Particularly, girls and young women in Guatemala suffer even more discrimination than youth generally, and are much more likely to have their rights violated. In my own community, I have seen the human face of statistics that report that indigenous girls in Guatemala finish primary school at one third the rate of their non-indigenous peers, and that 30 percent of all indigenous girls in Guatemala are engaged in child labor.
But today, I am one of 156 girls and boys from across Guatemala that are working together to change our future, as members of the National Children's Parliament. Together, we analyze the most pressing issues confronting young people, and then propose solutions to these issues. Rather than waiting for the government to act, we ourselves are creating a just world for young people in Guatemala.
Along with the Asociación IDEI, a non-governmental organization based in Quetzaltenango, those of us in the Children's Parliament are helping girls to know their rights and understand their obligations, and learn how to demand that the government respect those rights.
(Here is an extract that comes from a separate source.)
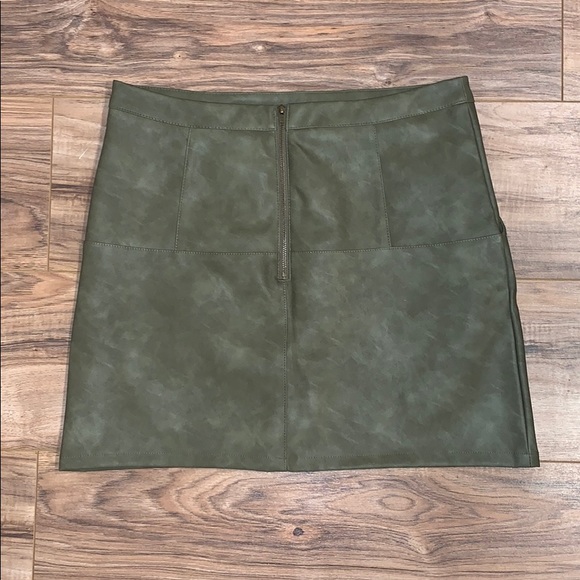 Women’s Green Stella Luce Vegan Skirt - Picture 3 of 4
I have been working with IDEI and the Children's Parliament for eight years, since I was a girl of only 12. At that age, my older siblings started bringing me with them when they participated in activities organized by IDEI, and I began to see that I could make my voice heard, and that I could change the lives of other young girls in my community.
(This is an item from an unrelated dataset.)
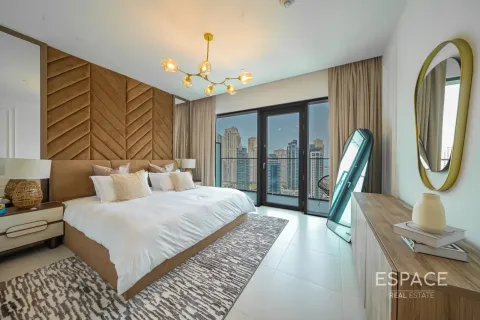 Apartment in VIDA RESIDENCES DUBAI MARINA in Dubai Marina, UAE 3 bedrooms, 153 sq.m. № 650360 - photo 8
Although at least 66 percent of Guatemalan girls drop out of school, and only 5 percent of girls from indigenous communities like mine finish primary school, with much effort and support I have made it to university to study law. Many of my friends from primary school are now married with children, but there are also many of us who are still fighting so that we can have the same rights and opportunities as men. For a long time, my parents did not support my work, but with IDEI's help I have been able to change their minds and now they support my efforts and those of my five siblings. I feel proud that I have been able to break the paradigm that girls should just stay home to take care of their siblings and cook, and that now in my community girls can participate and take part in decision-making.
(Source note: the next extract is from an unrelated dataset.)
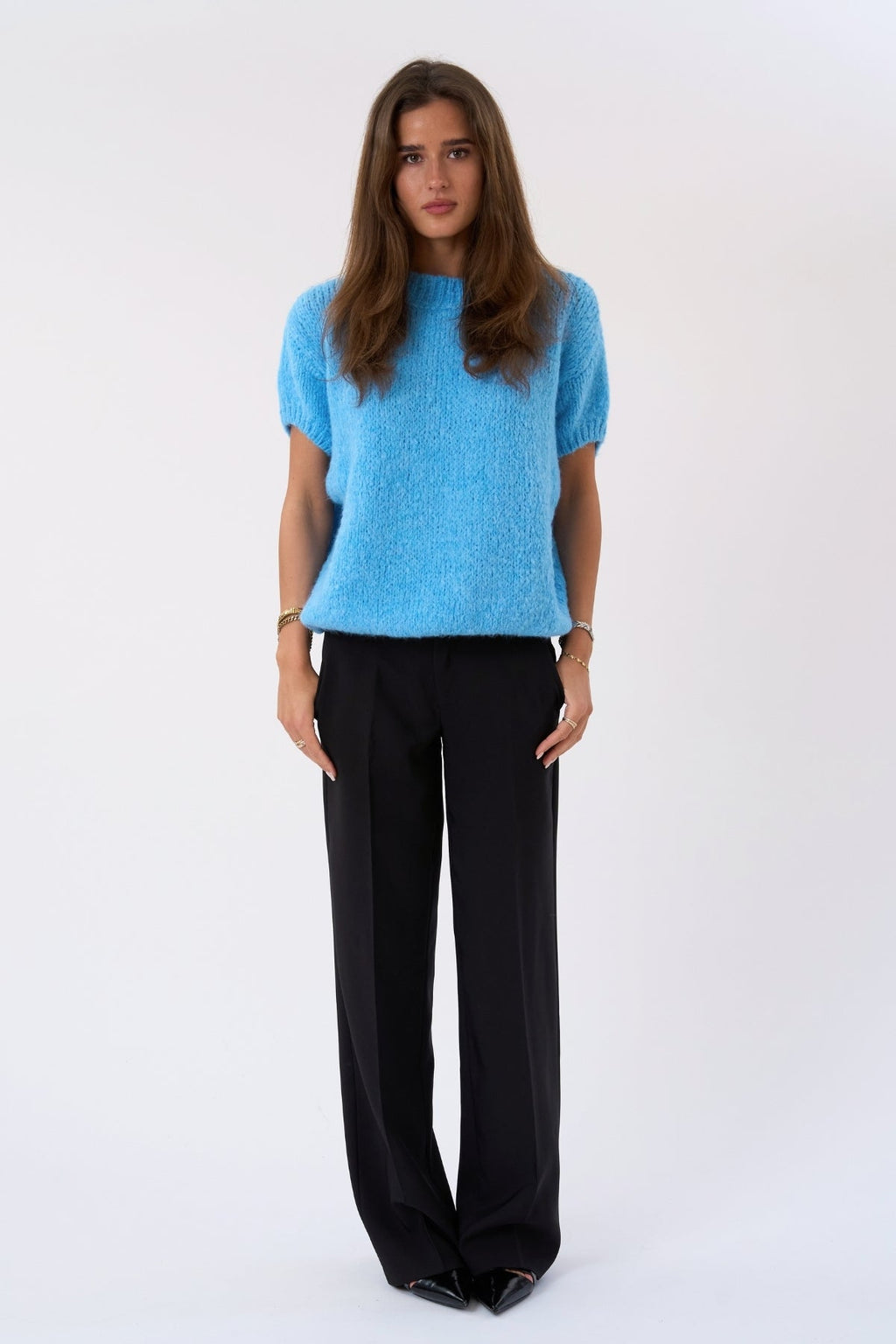 Chloe lyhythihainen neule - vaaleansininen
Because of my experiences and those of girls like me, IDEI and the Children's Parliament decided to help other girls become advocates for their rights. We coordinate with government representatives and other decision-makers, develop policies that respond to our needs, and publicize them through press conferences and other forums. We have achieved many successes, including getting our town mayor to open and fund a municipal office of women & children.
This important work has made me realize that our ancestors, our tradition, our collective memory, all of these things compel us to act. As adolescent girls who have organized to defend our rights, we can use our capacity and our potential to work, debate, discuss, propose, consult, negotiate, and advocate so that we can be part of the solution. We say, enough of enduring, we must participate, today, here and now. In order to protect the rights of girls and young women, we must find new ways of holding our government accountable to the wellbeing of children and adolescents in Guatemala.